Video advertising will lead the shift, leading to overall Internet ad revenue of $51.1 billion, according to one research firm.

Internet advertising in the United States will grow eight times faster than the overall market, surpassing newspapers, cable TV, and broadcast TV by 2012, a market research firm predicted Friday.

In four years, online advertising will rise from the fifth-largest medium to the second behind direct marketing, IDC said. Overall revenue from Internet ads will double to $51.1 billion in 2012 from $25.5 billion last year, the beginning of IDC's forecast period.

Video advertising will lead the shift, attracting the most new marketing dollars, the research firm said. Revenue from video will grow sevenfold to $3.8 billion from $500 million. Brand advertisers are expected to shift significant amounts of money into online video commercials from broadcast television and to a lesser extent from cable TV.

People are expected to spend more time watching online video as broadband access penetration increases, connections become faster, and more premium content becomes available.

"What will also drive this trend is that consumers are starting to realize that, as opposed to TV, Internet video lets them watch what they want, when they want, and increasingly also where they want," Karsten Weide, program director for IDC's digital media and entertainment unit, said in a statement.

Search advertising will continue to garner the most revenue over the forecast period in the United States, IDC said.
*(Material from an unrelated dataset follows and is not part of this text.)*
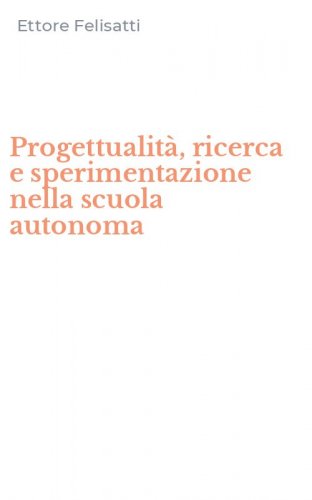 Progettualit&agrave;, ricerca e sperimentazione nella scuola autonoma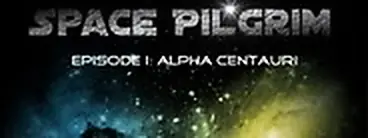Space Pilgrim Episode I: Alpha Centauri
This means that for any media company, search must remain a key part of its strategy for attracting ad dollars, despite Google's current dominance of the market, the analyst firm said. Google has about a 70% share of the search advertising market.

IDC is not the only analyst firm predicting significant growth in online advertising revenue. The Yankee Group expects the market to reach $50.3 billion by 2011, double the amount of 2007. The firm pegged the expected growth to the increasing size of the audience, the development of new types of advertising, and the creation of new publisher business models that will help sell interactive ads.